This study explores populism in terms of communication while distinguishing between its ideological and stylistic dimensions. We examine the social media communication of the three main Italian political leaders during the last national electoral campaign to underline the differences and similarities in their use of populist communication in terms of ideology and style and assess how it affects Facebook and Twitter engagement. Our analysis shows that the three leaders all adopt populist communication styles but in slightly different ways. In all cases, populist style elements have a stronger impact on online engagement than populist ideology.
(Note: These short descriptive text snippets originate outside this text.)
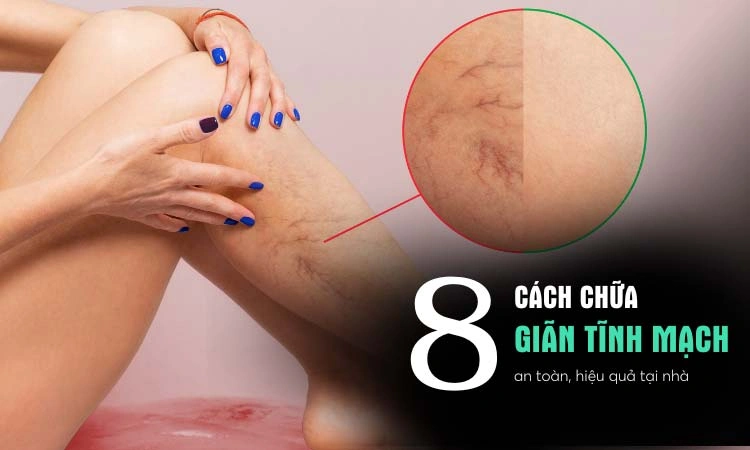 8 cách tự nhiên chữa giãn tĩnh mạch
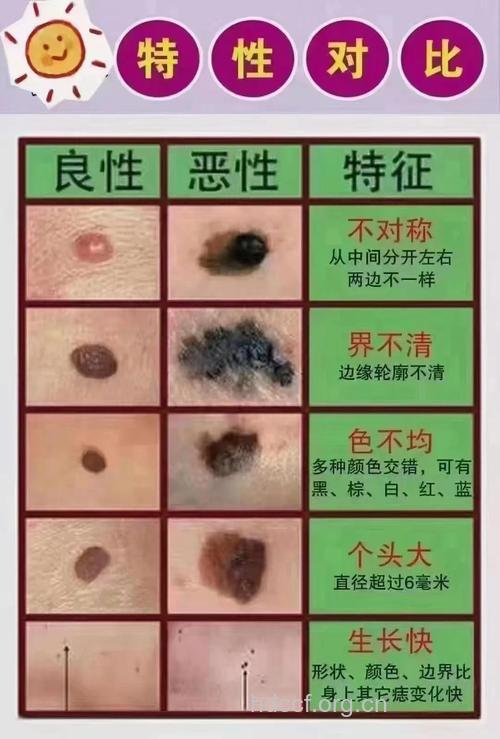 哪些痣容易变成癌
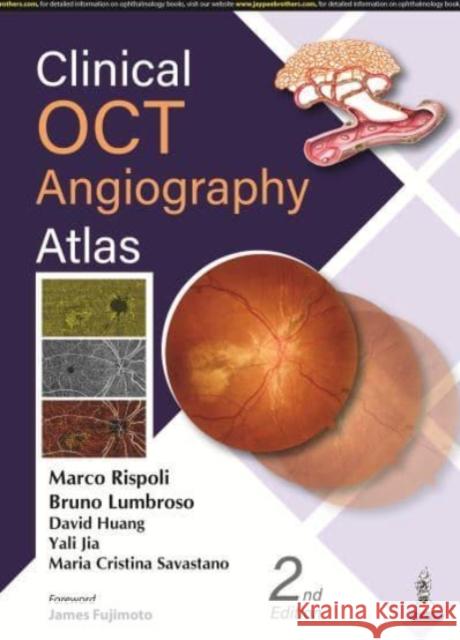 Clinical OCT Angiography Atlas Marco Rispoli Bruno Lumbroso David Huang 9789354655036 Jaypee Brothers Medical Publishers - książka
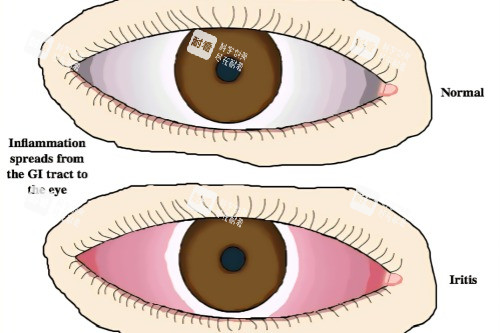 虹膜炎與健康眼睛對比
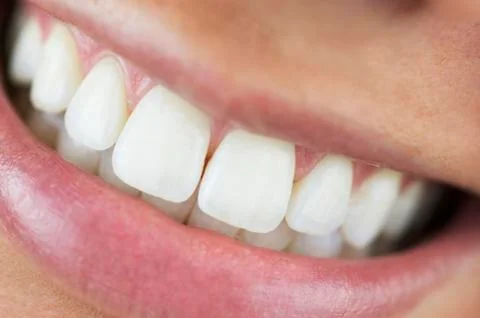 White Smile 스톡 사진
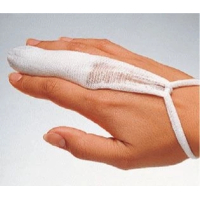 tg-Fingerling 50 St&uuml;ck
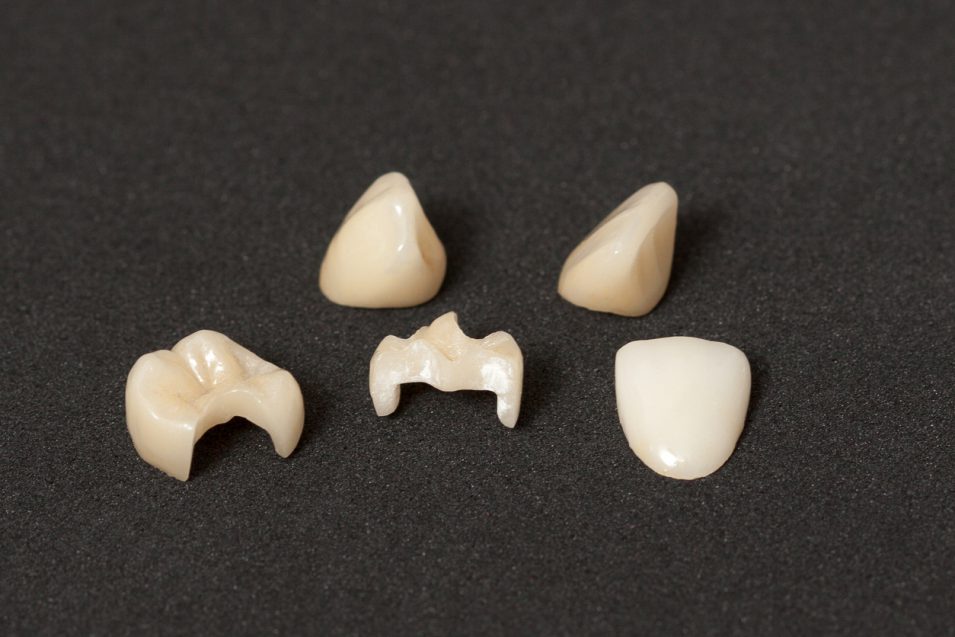 Crowns, inlays and veneers of leucite ceramics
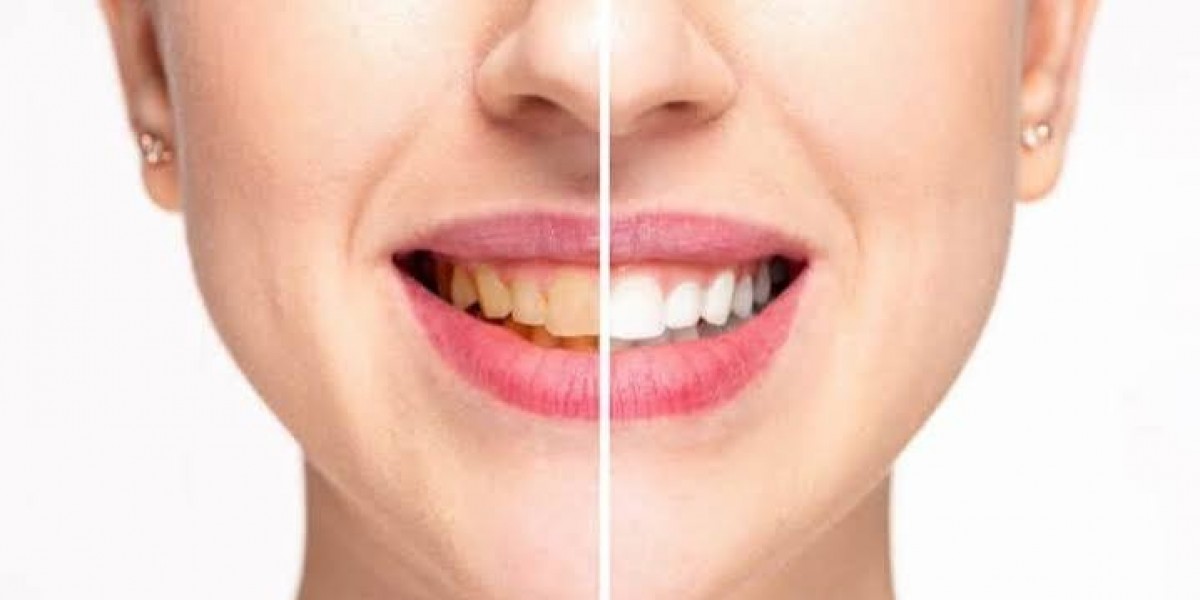 Teeth Whitening for Smokers: Challenges, Results, and Maintenance Considerations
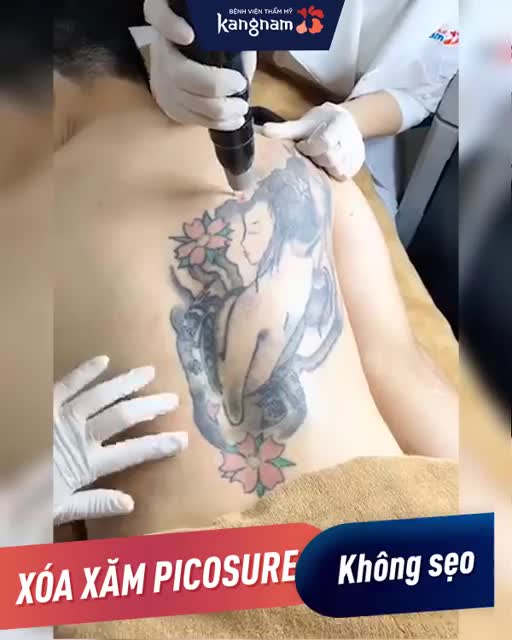 XÓA XĂM Laser Picosure - Xóa xăm "GẤP" + Không để lại sẹo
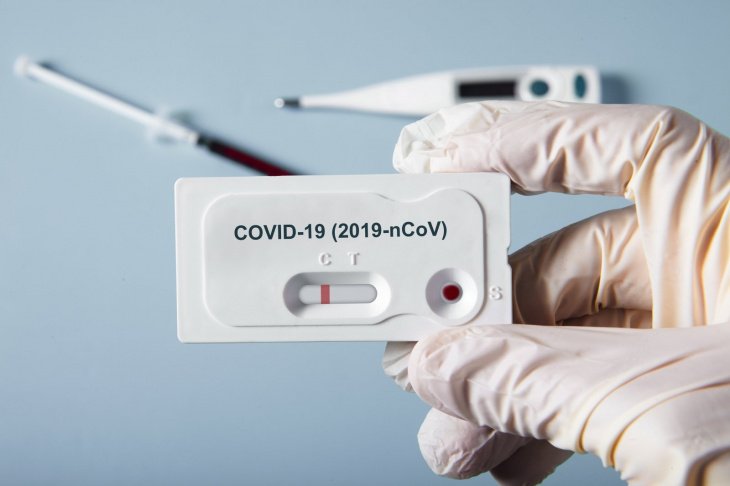 В Узбекистане в ближайшее время могут начать экспресс-тестирование на выявление антител к коронавирусу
The main difference between social media seems to be related less to the leaders’ communication elements than to their platform-specific audiences’ positive reactions to populist communication strategies.

Main findings:

  • Results confirmed the relationship between style elements and populist ideology in populist communication (Kriesi, 2018), since their use was significantly higher when the leaders adopted populist references.
  • Populism’s growing leverage in electoral campaigns has much more to do with the use of individualized, personalized, aggressive, and emotional communication strategies than with its thin ideology.
  • Adoption rates and users’ approval of populist ideology affected challenger/extreme leaders and their audiences more strongly than they did incumbents.
  • Populist ideology emerged as the discriminating factor in stylistic element adoption rates, regardless of leader characteristics, but not as the fundamental predictor of online engagement. This behaviour intersects with platform specificity, in addition to the political differences between leaders.